Paramount had nothing to do with the decision not to reshoot anything to fix the incorrect insignia. The production had a budget and a schedule and it would have been ridiculous to back up to reshoot something so minor as a mistake they could just ensure against in future.

They made no effort to hide the arrowheads on the Defiant. If they had wanted to, we would have seen ANY.
 
Perhaps the arrowhead became famous during the exploits of April. Maybe it was even April himself who, after being promoted, began instituting the arrowhead for starship personnel under his command. From there the arrow head could have gain wider use.

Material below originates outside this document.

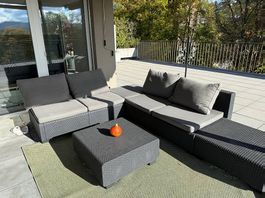 Gratis: Rattan-Lounge inkl. Kissen
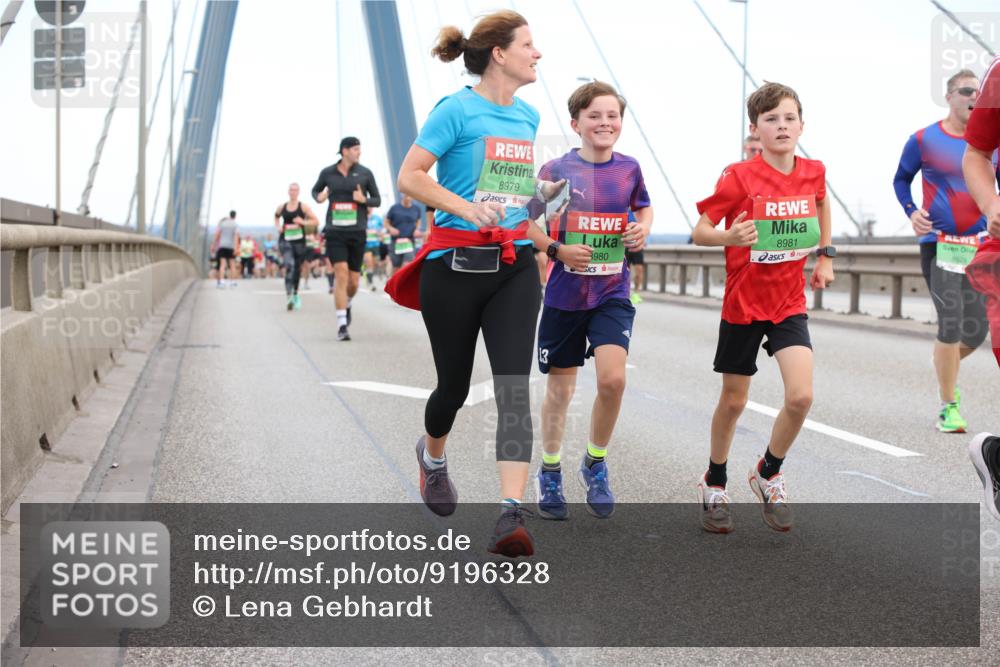 03.10.2025 - Köhlbrandbrückenlauf Lena Gebhardt http://msf.ph/oto/9196328 03.10.2025 15:26:03 Position 1 8979, 3980, 8981 meine-sportfotos.de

By Kirk's time the arrowhead could have been used by many starship personnel while many others still used their own. By TMP all starship personnel are fully converted to the arrowhead. Then by the movies the arrowhead has been universally adopted.

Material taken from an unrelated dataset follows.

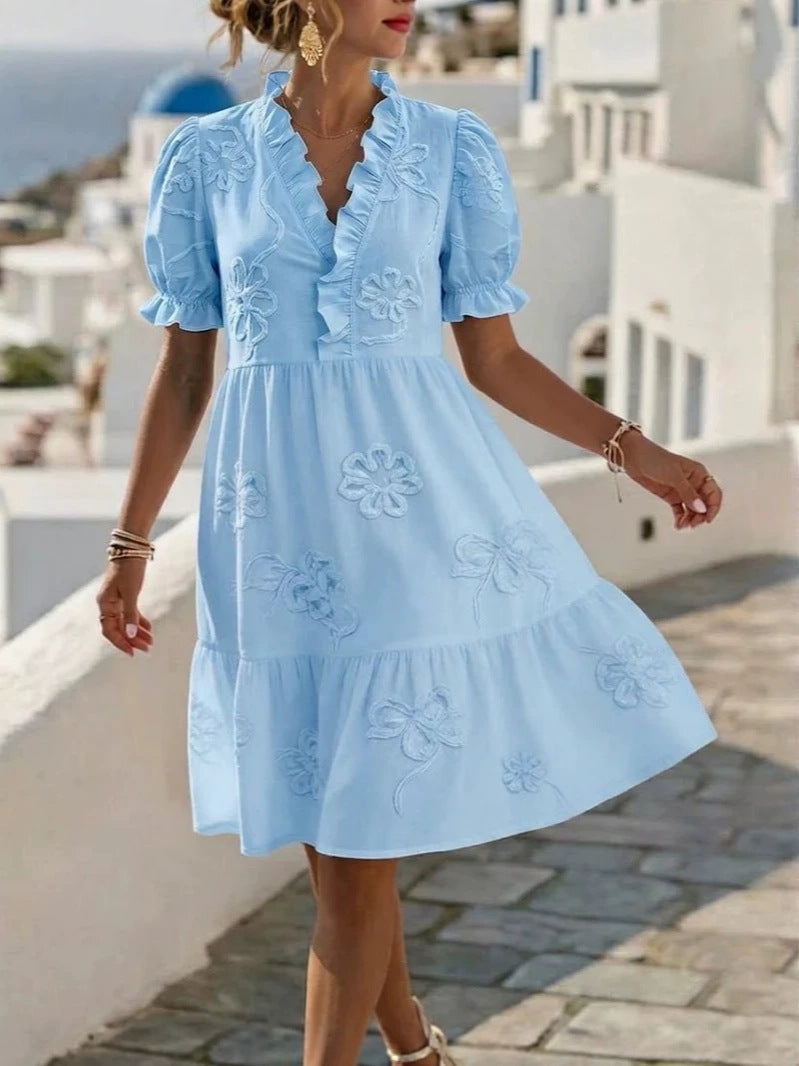 Blossom | Vestido con Volantes, Bordado y Escote en V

As I said, VGR: "Friendship One" established that the arrowhead was the UESPA insignia 200 years before TOS, and ENT used a very small version of it on the enlisted rating patches. So it's canonical that the insignia was in use long before NCC-1701 was built, and that it was a UESPA emblem before it was a Starfleet emblem.

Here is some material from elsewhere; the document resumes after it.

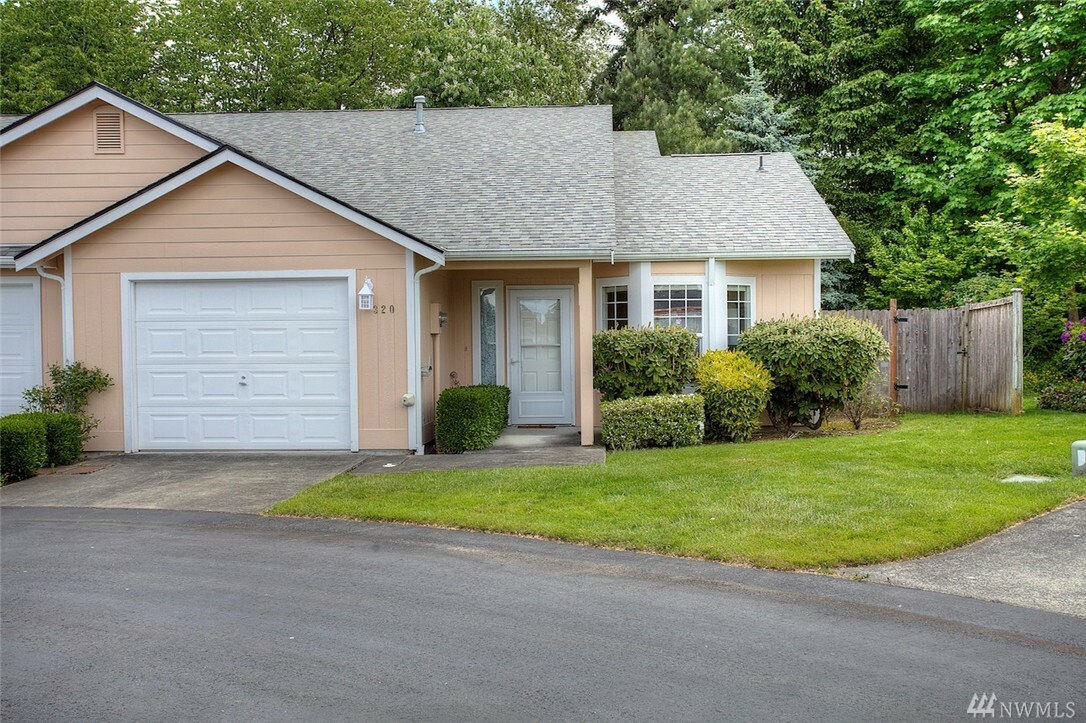 Property Photo:  320 105th St E  WA 98445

In my Enterprise: Rise of the Federation novels, the approach I've taken is that the Federation Starfleet was initially a loose merger of the member worlds' space services, with each division having its own insignia. I've used the UESPA arrowhead as the Earth branch insignia, the Constellation logo as the Andorian branch insignia, the Exeter logo for the Alpha Centauri branch, and the Antares logo for the Tellarite branch (with an IDIC logo for the Vulcan branch). I figure that some remnant of these original divisions is still in use by the 2260s (since Kirk says a couple of times that the Enterprise reports to UESPA), with different insignias representing not individual ships, but different fleets/divisions operating under different administrative branches (although not necessarily broken down by member world as they were to start with). That reconciles the use of the arrowhead by multiple ships with the use of different insignias by different ships. Presumably there was some sort of administrative restructuring in the 2270s that led to the elimination of the other logos.
 
Paramount had nothing to do with the decision not to reshoot anything to fix the incorrect insignia. The production had a budget and a schedule and it would have been ridiculous to back up to reshoot something so minor as a mistake they could just ensure against in future.

Who set the budget and the (limits of the) shooting schedule. Say it with me....

P A R A M O U N T

Thanks for playing!
 
I think your concept has as good of legs as any. For me I notice that the UESPA insignia on Friendship One was that of the 2070's. I would argue that the UESPA logo evolved in the next 200 years. Its also important to note that the shape of Pike's delta is different than 2070's UESPA logo. Pike's is wider, and more rounded. It is only after WNMHGB that the delta most closely matches the 2070's UESPA logo. Arguable April's delta was different than Pike's Perhaps Pike chose the delta for the Enterprise. Maybe he chose it as a symbolic throwback to UESPA. Maybe it was just a coincidence that the two logo's looked similar. Maybe some admiral was a history buff and noticed the similarity between the Enterprise delta and the old UESPA logo so he changed it during Kirk's tenure. But in reality it's all guess work at this point.
 
Perhaps the arrowhead became famous during the exploits of April. Maybe it was even April himself who, after being promoted, began instituting the arrowhead for starship personnel under his command. From there the arrow head could have gain wider use. By Kirk's time the arrowhead could have been used by many starship personnel while many others still used their own. By TMP all starship personnel are fully converted to the arrowhead. Then by the movies the arrowhead has been universally adopted.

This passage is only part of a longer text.